Turning+t-shirt+making+into+a+profitable+business

Emily Kruse

Caffes shows off one t-shirt he designed.

Taylor Kenyon, staff writer

In an effort to raise money to buy a new bike, junior Levi Caffes has been using his silk-screening skills to make and sell unique graphic t-shirts to fellow students. He aspires to start a company with his uncle called True Images.

Growing up in South Minneapolis, Caffes drew inspiration for his designs from the environment around him including graffiti and old buildings. Biking, another hobby Caffes enjoys, has begun to inspire his newest designs. “Jeff from Bike Jerks has been a big inspiration for me when it comes to biking shirts,” said Caffes.

Caffes worked out a deal with Ms. Main––paying a few dollars in exchange for use of the art department’s silk screening supplies––to kick-start his newfound interest in graphic t-shirts.
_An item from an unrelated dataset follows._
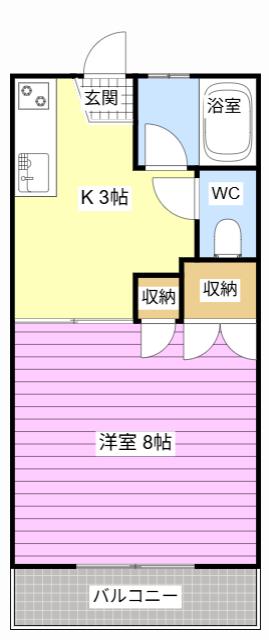MAKANA(1K/2階)の間取り写真
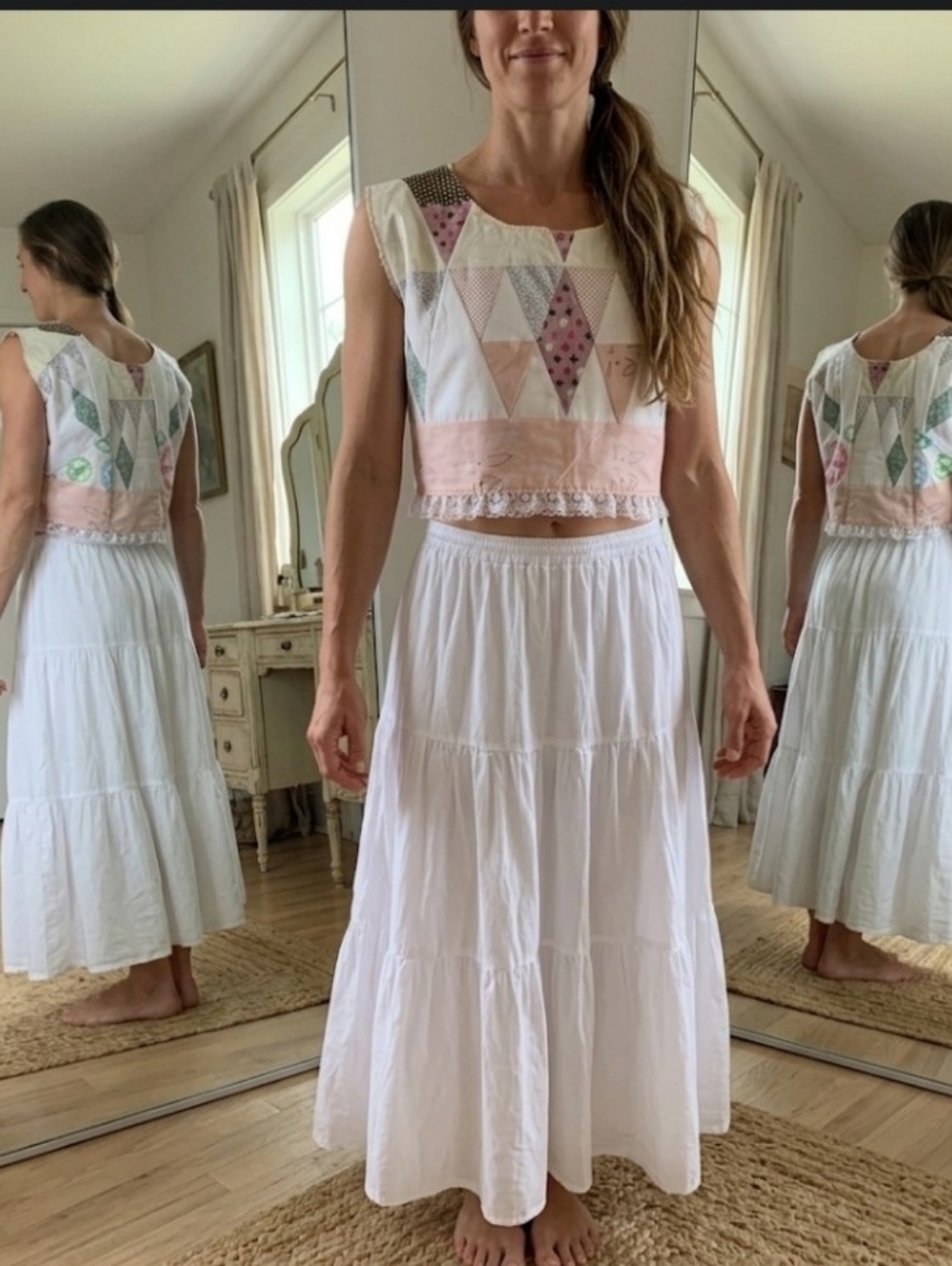 Upcycled Vtg Quilt-top Cropped Top M-L Handmade Dont Throw It Out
He immediately began to wear his own designs, and soon many of his friends gained interest. “I just started making and wearing my own stuff and people started asking if I could make them one,” said Caffes.

Since the beginning, Caffes has made more than 50 shirts for both himself and his customers. The popularity of his t-shirts gave Caffes the idea to make his hobby into a company. “My favorite t-shirt has a Minneapolis skyline on it with the letters MPLS printed underneath it,” said Caffes.

In the meantime, Caffes looks forward to purchasing his own supplies and the possibility of becoming a published artist in the upcoming publication of Apotheosis, as well as being the owner of a new bike if business continues as planned. “Right now all the proceeds from the shirts are going towards a new bike,” said Caffes.

Caffes’s passion for design has prompted him to try crafting more than just t-shirts; he will soon try his hand at more practical items for his biker lifestyle. “I’m currently trying to design a pedal strap system for my bike,” said Caffes.